Asn112 is located at the active site of thermolysin, 5-8 A from the catalytic Zn2+ and catalytic residues Glu143 and His231. When Asn112 was replaced with Ala, Asp, Glu, Lys, His, and Arg by site-directed mutagenesis, the mutant enzymes N112D and N112E, in which Asn112 is replaced with Asp and Glu, respectively, were secreted as an active form into Escherichia coli culture medium, while the other four were not.
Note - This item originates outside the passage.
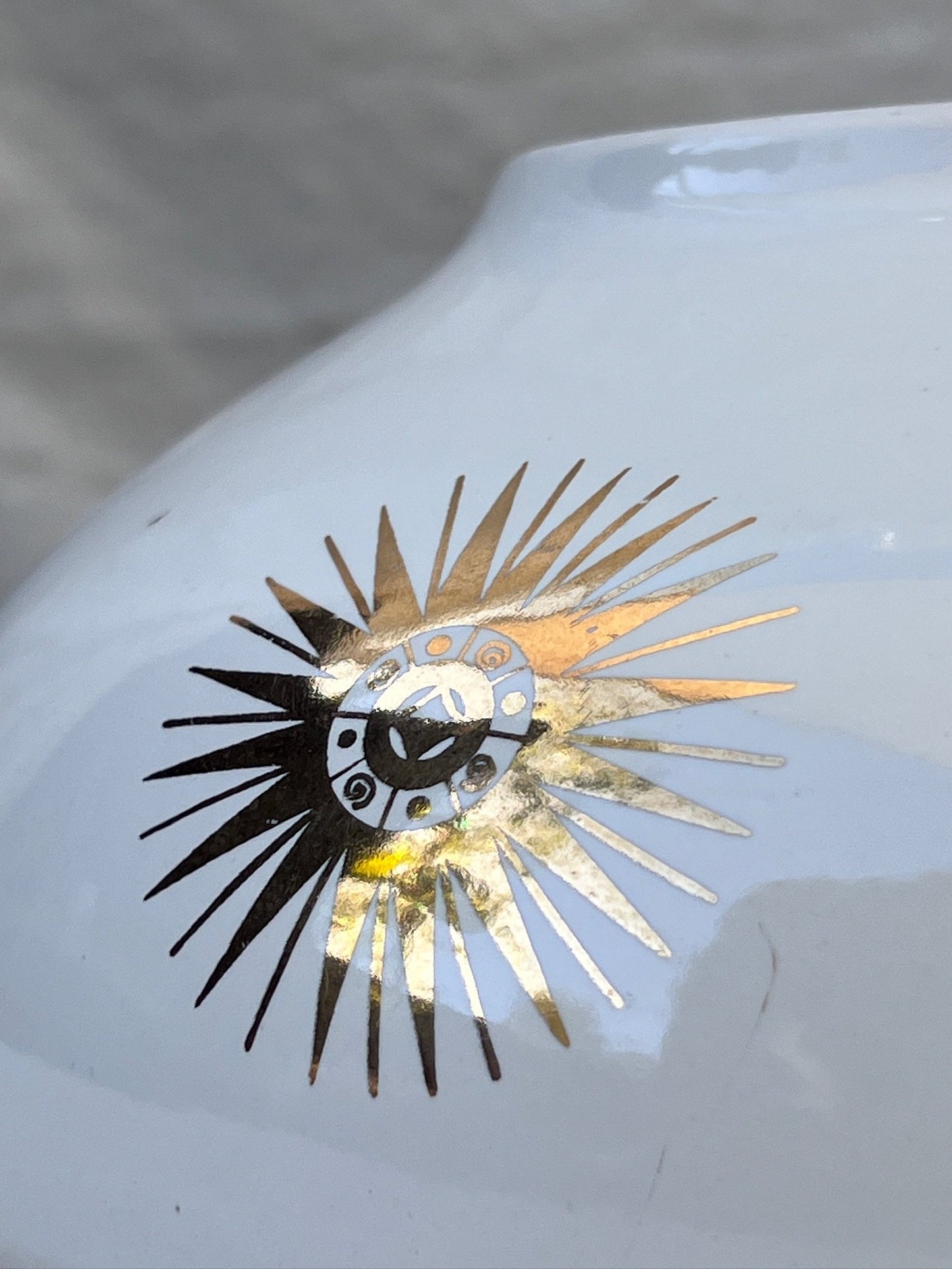 George Briard Ceramic White and Gold Sunburst Bowl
In the hydrolysis of a neutral substrate N-[3-(2-furyl)acryloyl]-Gly-L-Leu amide, the kcat/Km values of N112D and N112E exhibited bell-shaped pH-dependence, as did the wild-type thermolysin (WT). The acidic pKa of N112D was 5.7 +/- 0.1, higher by 0.4 +/- 0.2 units than that of WT, suggesting that the introduced negative charge suppressed the protonation of Glu143 or Zn2+-OH. In the hydrolysis of a negatively charged substrate, N-carbobenzoxy-l-Asp-l-Phe methyl ester (ZDFM), the pH-dependence of kcat/Km of the mutants decreased with increase in pH from 5.5 to 8.5, while that of WT was bell-shaped. This difference might be explained by the electrostatic repulsion between the introduced Asp/Glu and ZDFM, suggesting that introducing ionizing residues into the active site of thermolysin might be an effective means of modifying its pH-activity profile.

Extracellular production of recombinant thermolysin expressed in Escherichia coli, and its purification and enzymatic characterization.

Thermolysin is a representative zinc metalloproteinase derived from Bacillus thermoproteolyticus and a target in protein engineering to understand the catalytic mechanism and thermostability. Extracellular production of thermolysin has been achieved in Bacillus, but not in Escherichia coli, although it is the most widely used as a host for the production of recombinant proteins. In this study, we expressed thermolysin as a single polypeptide pre-proenzyme in E. coli under the original promoter sequences in the npr gene, the gene from B. thermoproteolyticus, which encodes thermolysin. Active mature thermolysin (34.6 kDa) was secreted into the culture medium. The recombinant thermolysin was purified to homogeneity by sequential column chromatography procedures of the supernatant with hydrophobic-interaction chromatography followed by affinity chromatography. The purified recombinant product is indistinguishable from natural thermolysin from B. thermoproteolyticus as assessed by hydrolysis of N-[3-(2-furyl)acryloyl]-glycyl-L-leucine amide and N-carbobenzoxy-L-asparatyl-L-phenylalanine methyl ester. The results demonstrate that our expression system should be useful for structural and functional analysis of thermolysin.